Ein Verfall gesellschaftlicher Autorität war nicht zu bemerken. An der Spitze des Staates stand der mächtige Konrad Adenauer, an der Spitze der Familie der Vater, der Lehrer benutzte den Rohrstock. Wer die geöffnete Hand zurück zog, bekam die doppelte Menge. Polizisten wurden mit "Guten Tag, Herr Schutzmann" gegrüßt. Der Pfarrer hat mir einmal eine runtergehauen, weil ich ihn auf das Ende der Religionsstunde aufmerksam gemacht hatte.
»Opfer« wie ich kauften sich ein Messer, andere einen Schlagring. Meine erste Gaspistole besaß ich mit zehn. Allerdings rüsteten die Täter auch auf. Ein beliebtes und auch den Eltern bekanntes Spiel hatte mit Messern zu tun: Die Schneide musste im Boden stecken bleiben und wo sie stak, durfte man sich eine Scheibe aus einem gedachten Land abschneiden. Ich hatte zu viel Angst mein Messer zu benutzen. Andere nicht.
Die noch junge Bundesrepublik lebte 1950 mit zehn Prozent Arbeitslosen. Es gab den Begriff der Wohnungsnot. Im Nachbarhaus wohnte eine ziemlich katholische Familie, mit sechs Kindern Bei uns gab es nur zwei, die Größe der Wohnung war die selbe. Es waren sehr kleine Wohnungen. Wir Kinder spielten in den Ruinen hinter dem Haus. Manche Väter kamen regelmäßig am Freitag betrunken nach Hause. Freitag gab es Lohn.
Wer aus meiner Volksschulklasse etwas geworden war, der bekam einen Arbeitsplatz im Walzwerk, dort, wo der Stahl noch glühte. Andere gingen in die Maurerlehre. Nur der Bäckerssohn wurde selbstständig, der übernahm den Laden seines Vaters. Zwei Jungen aus meiner Klasse, die Fliesenleger geworden waren, habe ich zufällig getroffen, als sie um die Fünfzig waren: Kaputte Gelenke, kein Gedanke an Arbeit.

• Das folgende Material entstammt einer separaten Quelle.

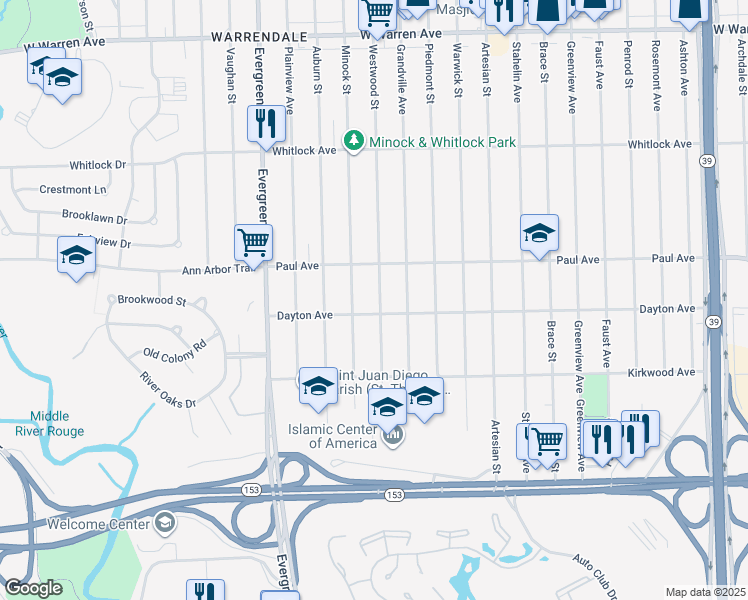 map of restaurants, bars, coffee shops, grocery stores, and more near 6219 Westwood Street in Detroit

Rund acht Millionen Flüchtlinge kamen in den 50ern nach Westdeutschland. Wir fanden nicht, dass die Deutsch konnten. Wir nannten sie, gleich ob sie aus Ostpreußen oder aus dem Sudetenland kamen, "Wasserpolacken". In unserem Viertel wurden sie in einem Block untergebracht, der hieß Klein-Korea. Da wagte sich keiner rein. Einmal kam eine Gruppe von denen bei uns vorbei. Wir sangen "Rot-Blau-Polacks-Frau". Die warfen mit Steinen. Noch heute habe ich davon eine Narbe in der linken Augenbraue.

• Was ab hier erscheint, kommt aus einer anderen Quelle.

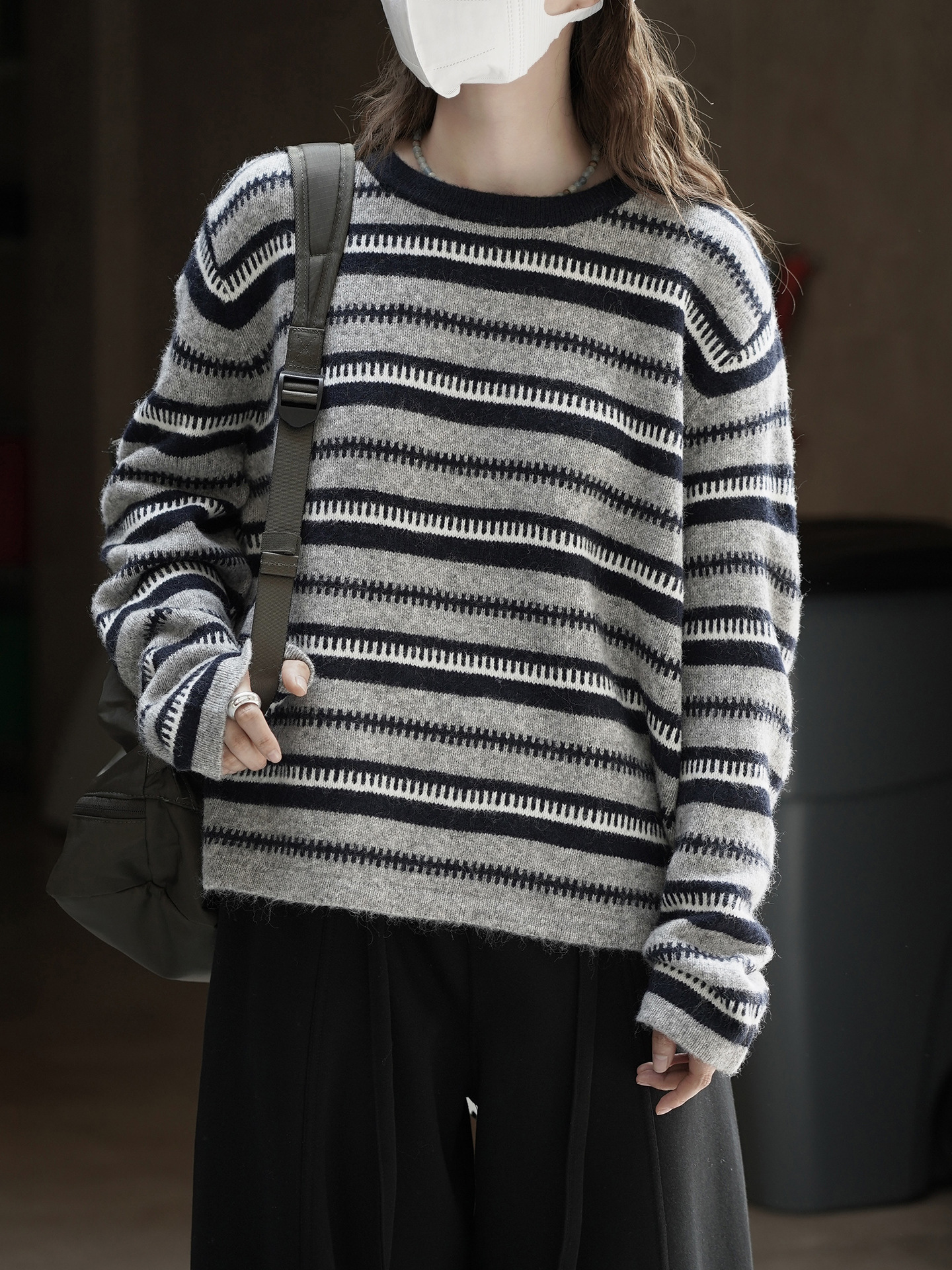 女士秋冬復古齒輪毛衣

Heute gibt es in Deutschland 12 Prozent Arbeitslose, die Ausländer zählen bei sieben Millionen. Junge Türken und Araber wissen sehr schnell, dass sie keine Arbeit bekommen werden. Für das Leben lernen viele in den Schulen deshalb nichts. Ihr Leben wird nicht aus deutschen Gedichten bestehen sonder aus dem Gang aufs Sozialamt. Wer sich etwas leisten will, wird Dealer. Das Leben in Berlin-Neukölln ist ohne den Schutz der Gruppe noch gefährlicher. Man bleibt was man ist: Türke, Kroate, Russe oder Deutscher. Mancher ist auch noch stolz darauf.